Let's say I have an aggregate root Apartment, that holds Floorplans and Units. Each Apartment can have many Floorplans, and each Floorplan can have many Units.

public class Apartment : IAggregateRoot // for clarity
{
    public int Id { get; }
    public Address Address { get; set; }
    public ICollection<Floorplan> Floorplans { get; set; }
}

public class Floorplan
{
    public int Id { get; }
    public int ApartmentId { get; set; }
    public string Name { get; set; }
    public int Bedrooms { get; set; }
    public int Bathrooms { get; set; }
    public ICollection<Unit> Units { get; set; }
}

public class Unit
{
    public int Id { get; }
    public int FloorplanId { get; set; }
    public string Number { get; set; }
}

Let's say in the property management context I now introduce a Resident who gets assigned to a Unit.
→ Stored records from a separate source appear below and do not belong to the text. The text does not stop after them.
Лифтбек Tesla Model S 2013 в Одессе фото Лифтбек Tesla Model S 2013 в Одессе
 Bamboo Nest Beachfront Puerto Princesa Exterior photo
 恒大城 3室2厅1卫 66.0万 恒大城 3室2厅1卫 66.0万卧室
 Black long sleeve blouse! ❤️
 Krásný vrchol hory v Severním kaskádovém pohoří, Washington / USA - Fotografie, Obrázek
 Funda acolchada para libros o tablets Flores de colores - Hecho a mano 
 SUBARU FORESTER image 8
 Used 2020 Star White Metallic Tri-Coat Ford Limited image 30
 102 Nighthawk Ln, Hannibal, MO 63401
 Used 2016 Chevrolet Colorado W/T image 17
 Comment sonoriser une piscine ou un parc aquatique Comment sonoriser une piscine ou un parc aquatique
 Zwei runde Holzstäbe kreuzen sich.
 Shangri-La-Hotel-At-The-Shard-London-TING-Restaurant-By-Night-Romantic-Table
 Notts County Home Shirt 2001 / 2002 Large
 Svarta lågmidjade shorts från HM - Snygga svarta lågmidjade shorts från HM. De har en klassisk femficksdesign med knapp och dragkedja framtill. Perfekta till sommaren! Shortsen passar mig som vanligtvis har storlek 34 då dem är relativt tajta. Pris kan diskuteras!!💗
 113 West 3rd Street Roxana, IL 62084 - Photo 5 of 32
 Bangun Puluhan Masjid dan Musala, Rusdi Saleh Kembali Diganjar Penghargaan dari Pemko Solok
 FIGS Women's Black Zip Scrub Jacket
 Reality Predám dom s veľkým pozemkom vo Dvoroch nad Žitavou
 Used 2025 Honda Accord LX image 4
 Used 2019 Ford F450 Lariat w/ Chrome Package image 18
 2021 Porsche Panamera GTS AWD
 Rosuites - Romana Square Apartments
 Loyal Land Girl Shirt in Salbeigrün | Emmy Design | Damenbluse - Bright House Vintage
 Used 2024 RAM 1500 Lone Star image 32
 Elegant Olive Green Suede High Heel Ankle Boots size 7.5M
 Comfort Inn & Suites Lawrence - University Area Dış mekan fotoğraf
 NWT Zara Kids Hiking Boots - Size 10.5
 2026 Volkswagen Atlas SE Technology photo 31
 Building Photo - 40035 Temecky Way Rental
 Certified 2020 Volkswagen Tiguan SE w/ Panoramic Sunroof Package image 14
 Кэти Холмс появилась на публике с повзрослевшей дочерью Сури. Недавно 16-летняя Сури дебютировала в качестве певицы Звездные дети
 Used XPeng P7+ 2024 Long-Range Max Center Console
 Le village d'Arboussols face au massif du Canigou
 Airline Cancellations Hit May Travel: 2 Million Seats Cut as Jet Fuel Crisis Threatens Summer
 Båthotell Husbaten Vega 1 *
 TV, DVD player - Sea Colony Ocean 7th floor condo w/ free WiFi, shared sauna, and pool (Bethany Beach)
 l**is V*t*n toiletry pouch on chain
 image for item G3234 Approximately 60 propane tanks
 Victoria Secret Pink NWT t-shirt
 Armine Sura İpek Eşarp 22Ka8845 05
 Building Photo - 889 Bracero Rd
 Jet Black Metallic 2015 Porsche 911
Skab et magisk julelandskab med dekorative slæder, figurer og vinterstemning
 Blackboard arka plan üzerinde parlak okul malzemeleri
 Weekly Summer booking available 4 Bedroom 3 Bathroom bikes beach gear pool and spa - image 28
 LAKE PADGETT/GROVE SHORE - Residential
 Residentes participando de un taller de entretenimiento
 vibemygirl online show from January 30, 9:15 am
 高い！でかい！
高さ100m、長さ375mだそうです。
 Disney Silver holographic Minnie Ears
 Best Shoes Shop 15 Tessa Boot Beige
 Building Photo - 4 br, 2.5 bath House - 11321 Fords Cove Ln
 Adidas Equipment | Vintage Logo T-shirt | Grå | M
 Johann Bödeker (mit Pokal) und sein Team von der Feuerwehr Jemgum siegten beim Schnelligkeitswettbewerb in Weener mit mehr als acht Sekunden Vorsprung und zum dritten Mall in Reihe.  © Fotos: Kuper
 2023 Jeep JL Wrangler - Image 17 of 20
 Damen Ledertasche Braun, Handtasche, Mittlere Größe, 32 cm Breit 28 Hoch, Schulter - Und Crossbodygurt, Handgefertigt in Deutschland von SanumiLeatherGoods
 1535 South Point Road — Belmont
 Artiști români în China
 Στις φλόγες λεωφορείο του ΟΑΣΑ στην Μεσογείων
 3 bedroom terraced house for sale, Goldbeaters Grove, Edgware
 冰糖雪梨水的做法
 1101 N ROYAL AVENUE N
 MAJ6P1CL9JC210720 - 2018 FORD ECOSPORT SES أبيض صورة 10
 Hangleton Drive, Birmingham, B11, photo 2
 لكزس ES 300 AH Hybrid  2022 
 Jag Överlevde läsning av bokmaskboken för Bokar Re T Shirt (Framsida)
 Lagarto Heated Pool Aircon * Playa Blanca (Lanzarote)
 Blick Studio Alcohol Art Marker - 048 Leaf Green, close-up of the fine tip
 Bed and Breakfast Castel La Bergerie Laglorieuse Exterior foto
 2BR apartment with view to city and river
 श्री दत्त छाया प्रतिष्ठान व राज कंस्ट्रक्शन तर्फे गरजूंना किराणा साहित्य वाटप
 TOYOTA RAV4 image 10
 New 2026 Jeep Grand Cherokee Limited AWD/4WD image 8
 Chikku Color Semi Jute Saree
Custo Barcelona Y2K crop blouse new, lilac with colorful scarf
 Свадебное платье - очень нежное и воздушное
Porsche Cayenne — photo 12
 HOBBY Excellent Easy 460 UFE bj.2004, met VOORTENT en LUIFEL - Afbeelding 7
My Unit and Resident class now looks like this:

public class Unit
{
    public int Id { get; }
    public int FloorplanId { get; set; }
    public string Number { get; set; }
    public ICollection<Resident> Residents { get; set; }
}

public class Resident // in the property management context
{
    public int Id { get; }
    public string FirstName { get; set; }
    public string LastName { get; set; }

    public void UpdateBalance(...);
}

My question is now if I introduce a Resident in the resident context (that can PayRent() or UpdateProfile(), etc) they must be have a 1:1 relationship with Resident in the property management context, but I thought I cannot reference a non-aggregate root entity without going all the way through Apartment because a Resident cannot exist without an Apartment.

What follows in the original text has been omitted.